Trentino Solidale distribuisce cibo a chiunque si presenti alla porta del convento. «Non facciamo selezione - spiega il volontario Dario Dossi -. Segnaliamo ogni persona che ci chiede aiuto ai servizi sociali e al Comune, ma non neghiamo un aiuto a nessuno. È ben più grave il rischio di rifiutare il pane a chi ha bisogno rispetto a quello di farsi "fregare" e dare il cibo a chi non se lo meriterebbe». Il cibo distribuito è frutto delle donazioni dei supermercati e dei negozi alimentari lagarini, che cedono i loro prodotti in scadenza e non più idonei alla vendita. «Ogni mattina arrivano i furgoni pieni dopo la raccolta - spiega Dossi - e alla fine della giornata non un grammo finisce in dicarica: quello che avanza dalla distribuzione del mattino è consegnato ai frati, che lo cucinano per gli ospiti del centro di accoglienza per i senzatetto, oppure all'Almac (Aiuto alimentare) o alla Caritas. E se qualche alimento è troppo deteriorato per essere destinato all'alimentazione, viene ceduto a contadini o allevatori come mangime».
In Trentino Solidale ci sono solo volontari. Ed è in fondo solo una delle realtà che si preoccupano di sfamare chi non ha le risorse per far fronte alla propria alimentazione autonomamente. Ma è la più grande in termini di risorse distribuite. Ogni giorno si cedono oltre 500 chili di alimenti, 150 tonnellate in un anno. Circa 120 le famiglie che mangiano grazie al loro contributo. Una cinquantina di queste sono famiglie italiane. Circa il 40%. Erano il 20% solo tre anni fa. Un altro segno della morso profondo della crisi economica sul tessuto sociale lagarino. «Ci sono persone che lavorano, ma che vengono lo stesso da noi - spiega Dossi -. Io personalmente seguo una famiglia di quattro persone. Lui prende 1.400 euro al mese, le si arrangia con qualche lavoretto, la bimba grande va già a scuola. Ma con 500 euro di affitto, altri 100 tra bollette e spese, ti restano 900 euro per vestiti, alimenti, spese per la bimba, trasporti, medicine e tutto il resto. È sostenibile? No che non lo è».

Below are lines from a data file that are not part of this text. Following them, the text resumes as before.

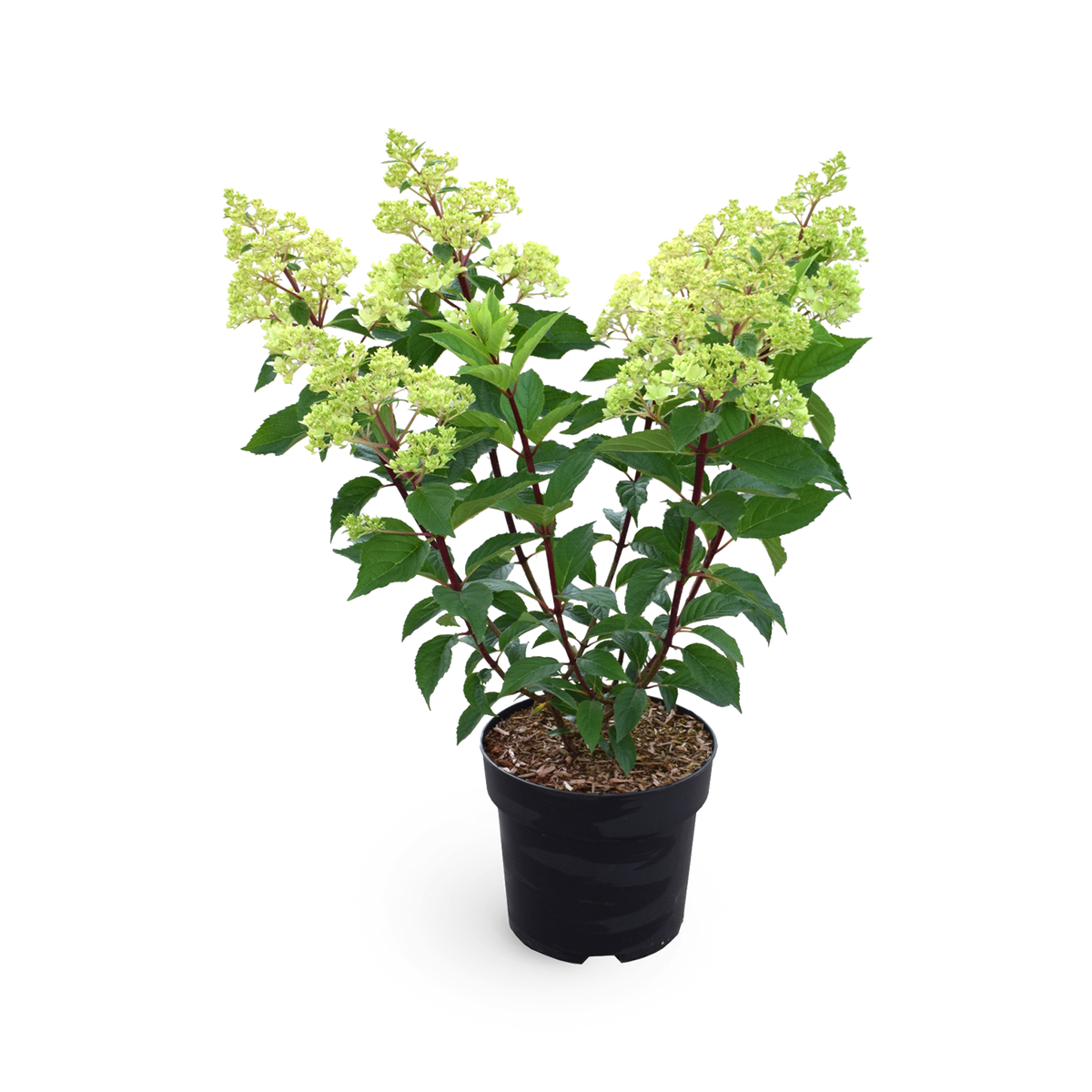 Rispenhortensie 'Vanille-Fraise'®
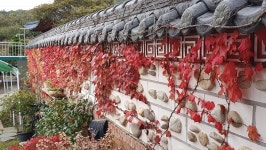 나주 희락정민박 펜션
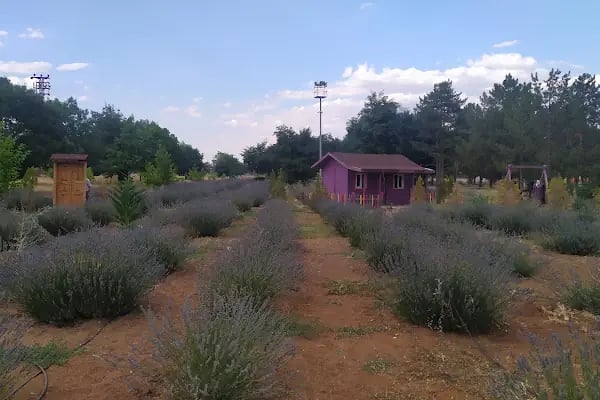 Rabia Parkı - Resim 3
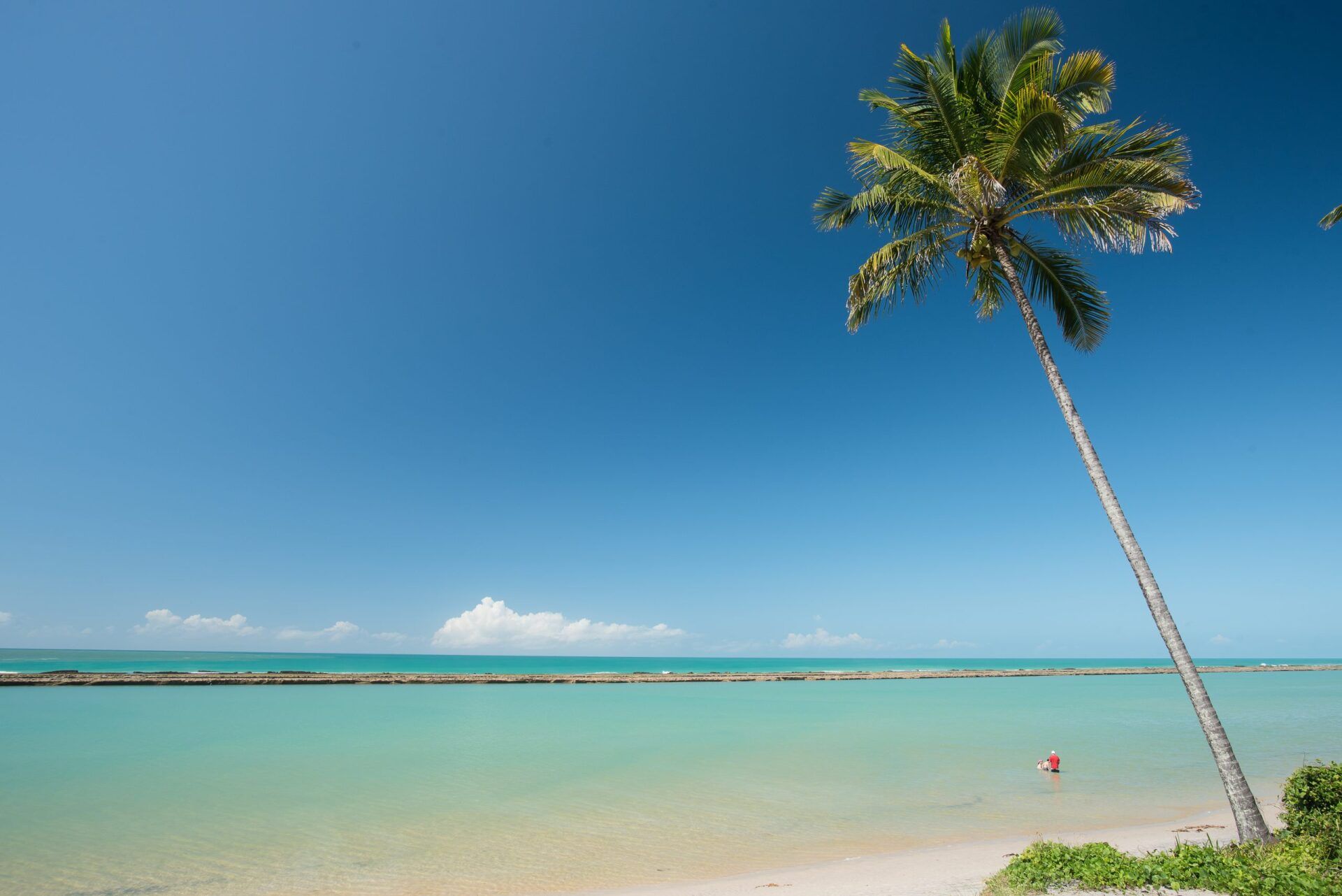 Porto de Galinhas - Ecocharme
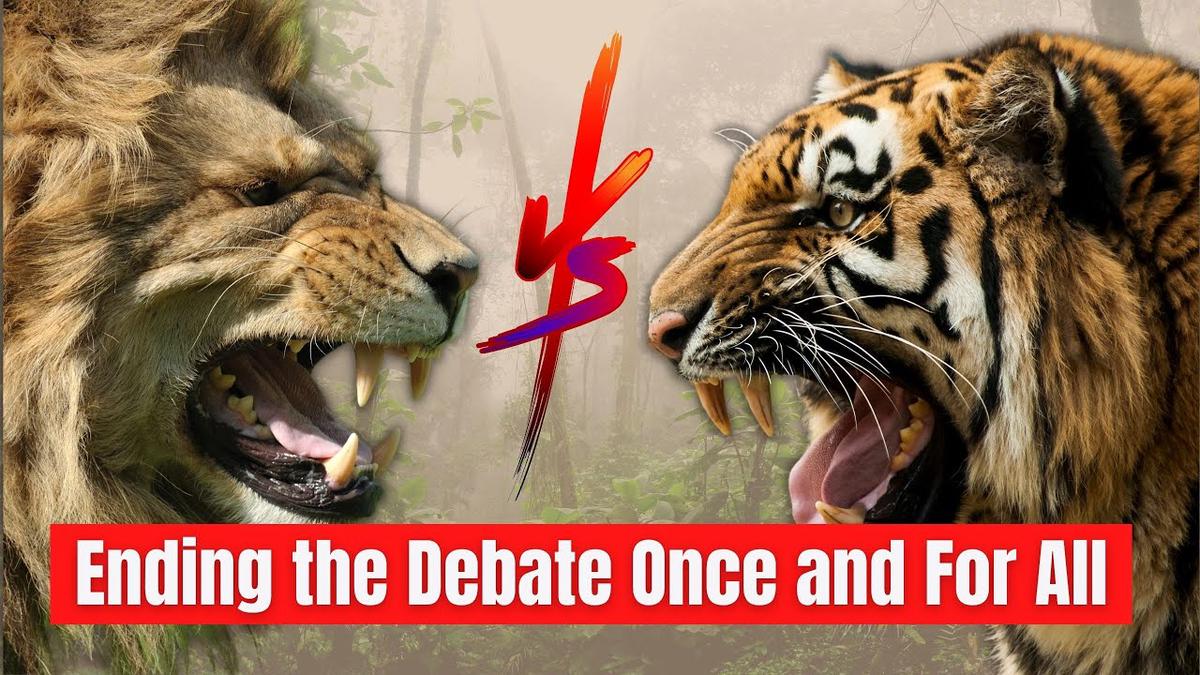 'Video thumbnail for Lion vs Tiger Who Would Win - Ending the Debate Once and For All'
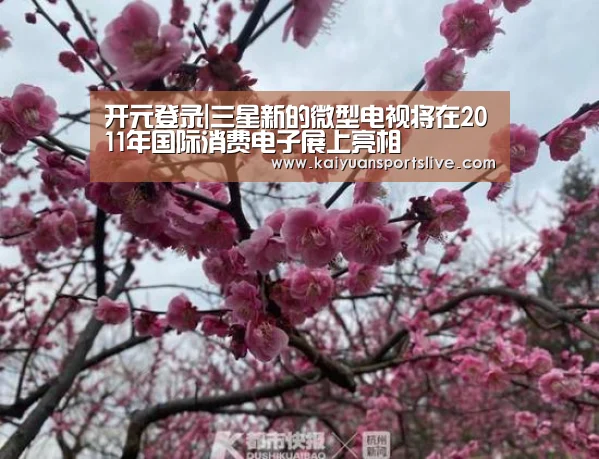 开元登录|三星新的微型电视将在2011年国际消费电子展上亮相(图1) 开元竞猜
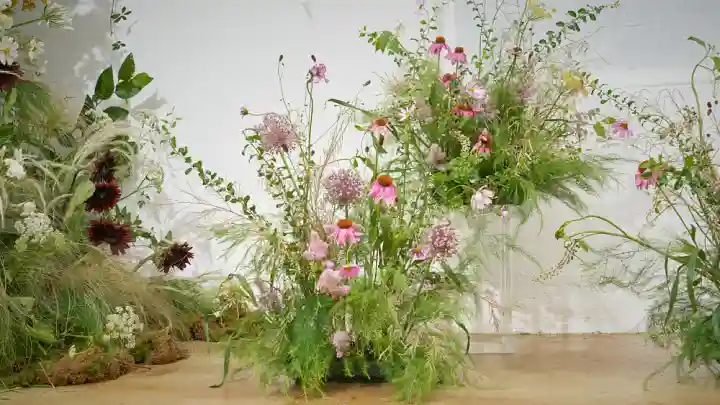 curriculum_curriculum_flowerdesigner_choiinyoung_02.webp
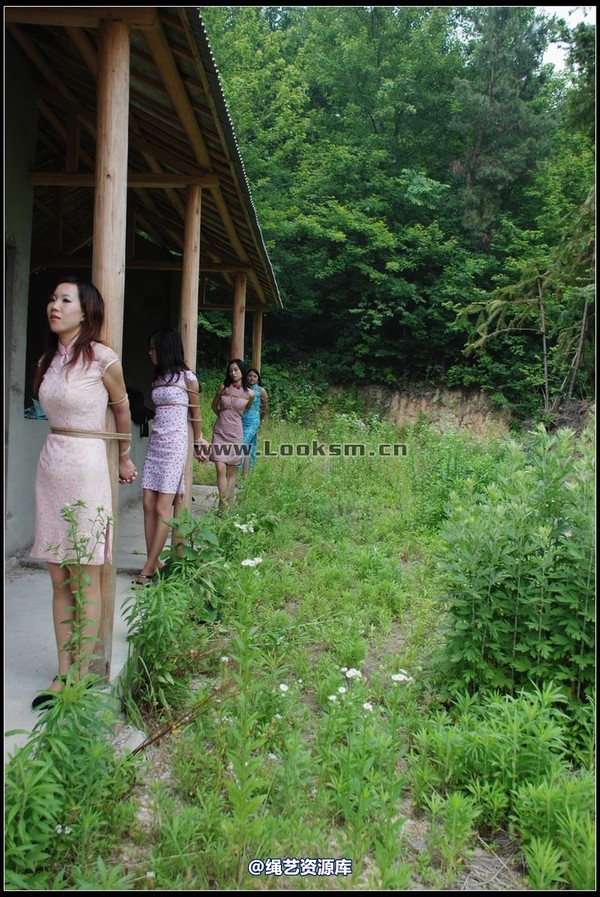 千丝万缕 - 2008-05-24日照片 第 18 张图片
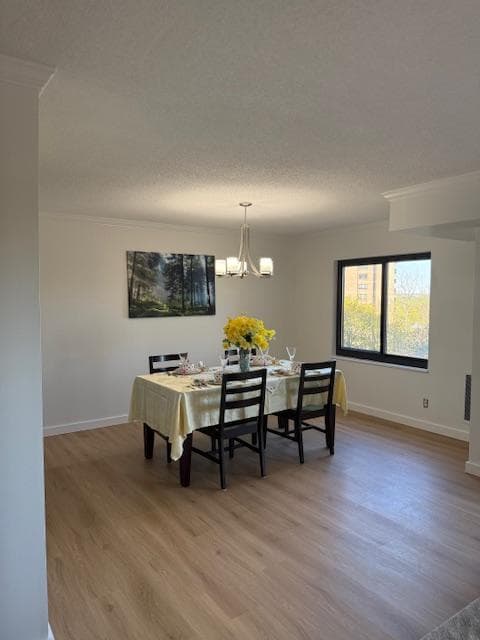 203 Yoakum Pkwy # 1209 photo 11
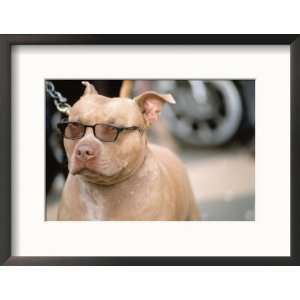  Pit Bull Terrier Wearing Sunglasses Framed Photographic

In questo quadro, la prospettiva di un nuovo lock down fa tremare i polsi. A marzo, quando il governo Conte chiuse in casa gli italiani, da 24 volontari che erano sono scesi a 14. Dieci di loro, anziani, non se la sono sentita di rischiare il contagio. Tanto più che la consegna dei viveri non era più alle persone in sede, ma eseguita a domicilio. In quei mesi i volontari, con l'appoggio degli Alpini e dei volontari coordinati dalla Comunità di Valle, hanno fatto miracoli per continuare a seguire le loro famiglie. Loro oggi si dicono pronti a ripartire, ma sanno che sarà più dura. Anche perché la tanto sospirata nuova sede all'Ex Bimac, che era già pronta per essere consegnata, alla fine non l'hanno più potuta ricevere perché qualche vandalo ha dato fuoco alla struttura. «Speriamo che le istituzioni si diano una mossa» conclude Dossi. «Abbiamo bisogno di una sede dove distribuire il cibo. Non è dignitoso che la gente debba aspettare in strada».